The attorney, Charles Daum, was charged in a conspiracy to dupe jurors in a drug case in 2008 in U.S. District Court for the District of Columbia. Prosecutors alleged that Daum, working with two private investigators, presented staged photos to jurors to trick them into thinking that drugs belonged to his client’s brother.

The plan worked: a mistrial was declared. After post-trial digging, the government charged Daum’s client and three other people for their role in the scheme. The cooperators then pinned the blame on Daum, who has practiced law in the Washington metropolitan area for more than 30 years. Daum’s attorney, David Schertler, argued that the client, Delante White, orchestrated and carried out the scheme and that the cooperators could not be trusted.

Senior U.S. District Judge Gladys Kessler, who presided over a month-long bench trial, didn’t buy the argument. The plot, she said, was far too complex for the cooperators to have dreamed up and executed on their own. Kessler called the scheme “nefarious,” saying the allegations struck at the heart of the criminal justice system. For the Justice Department’s trial team, including Donnell Turner, Darrin McCullough and Tritia Yuen, the ruling was a big win.

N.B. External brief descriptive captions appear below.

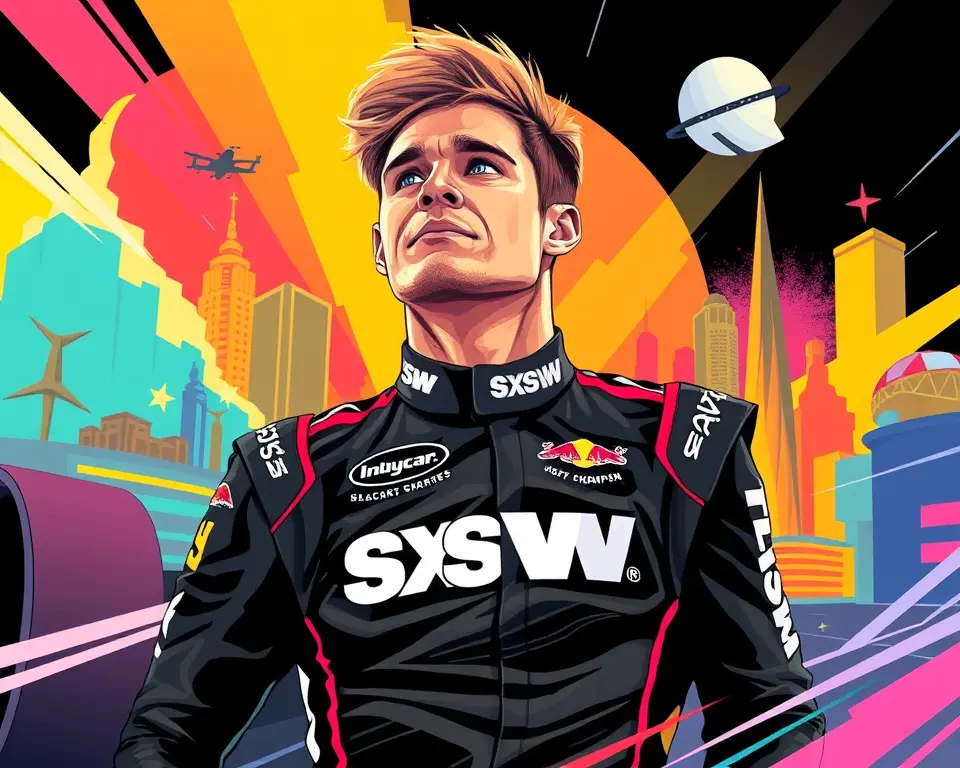 IndyCar Champion Josef Newgarden Reveals Workout Secrets at SXSW 2025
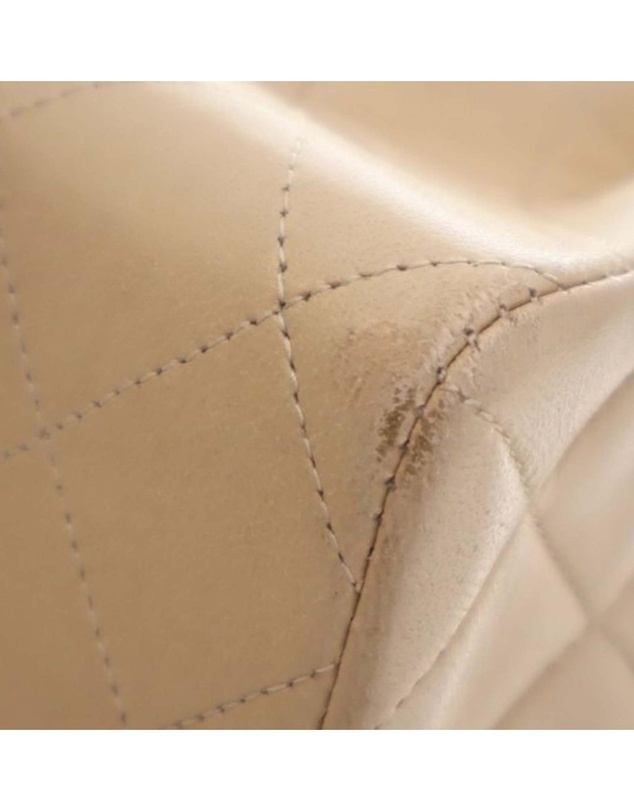 Pre-Loved by Azura Reborn - Pre-Loved Small Square Quilted Lambskin Flap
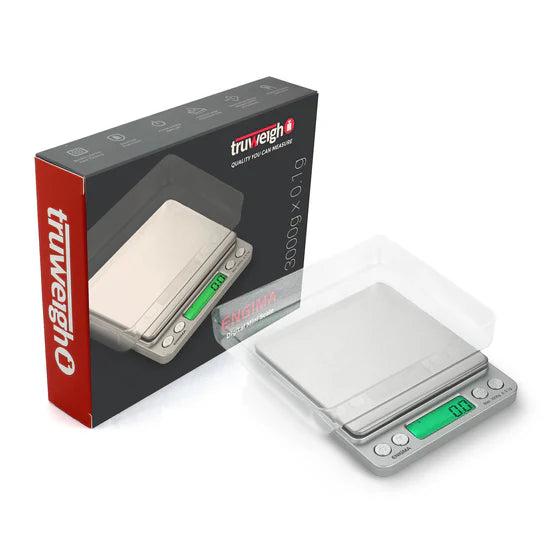Truweigh Engima Digital Mini Scale 3000g x 0.1g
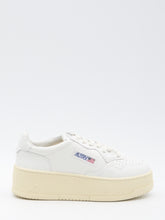 AUTRY 40 medalist platform low sneakers 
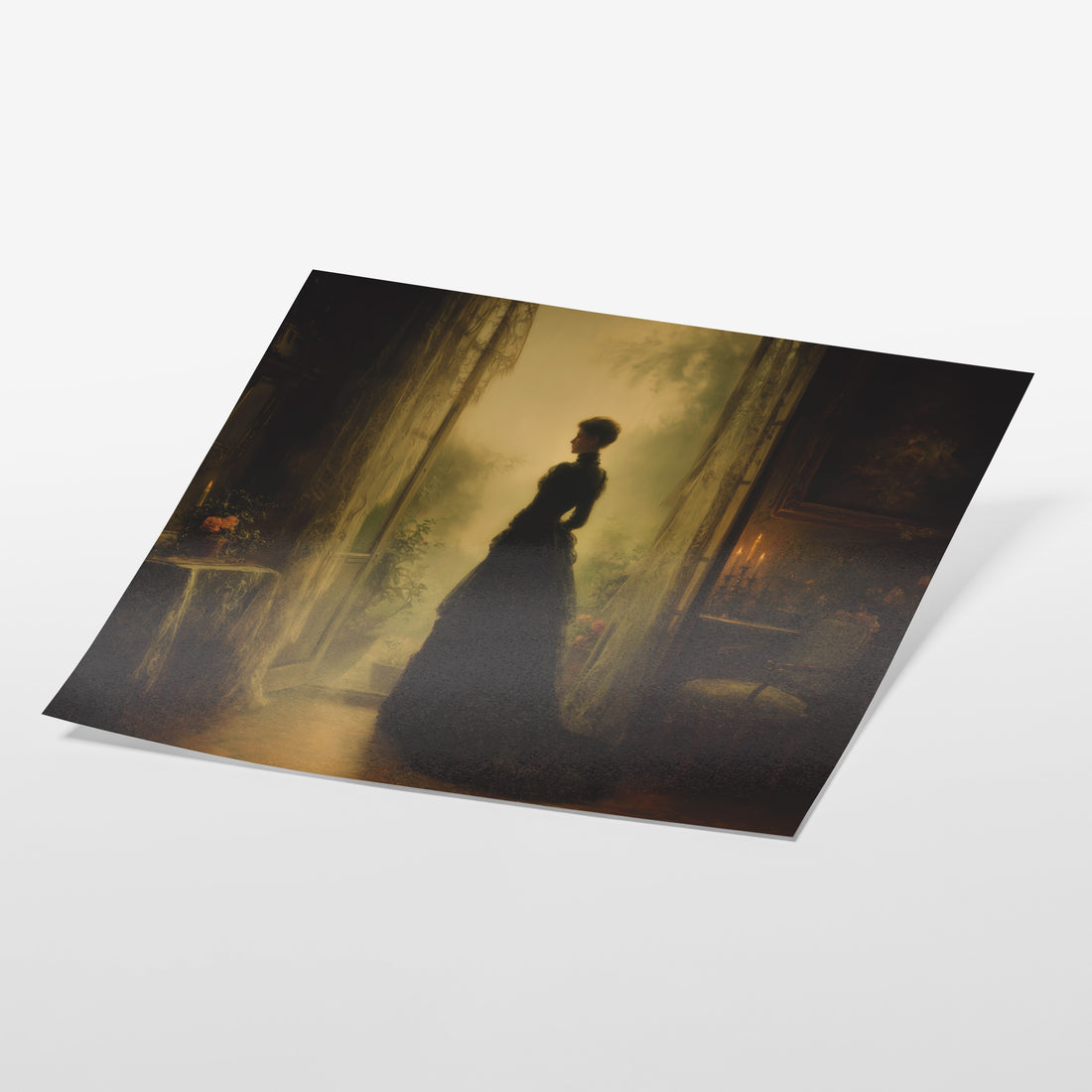 The Waiting Silhouette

Kessler found Daum and the private investigators, Iman and Daaiyah Pasha, guilty of conspiracy to obstruct justice. The judge rendered additional obstruction of justice guilty verdicts against Daum alone. Prosecutors indicted Daum and the Pashas in April 2011. Closings were held earlier this month.

“In his zeal to defend his client, Mr. Daum betrayed his profession and obstructed justice,” Assistant Attorney General Lanny Breuer of the Criminal Division said in a statement Friday afternoon. “It’s astounding that a lawyer could commit these crimes, which undermine the integrity of our criminal justice system. The court found Mr. Daum guilty beyond a reasonable doubt, and he now faces prison time as a result.”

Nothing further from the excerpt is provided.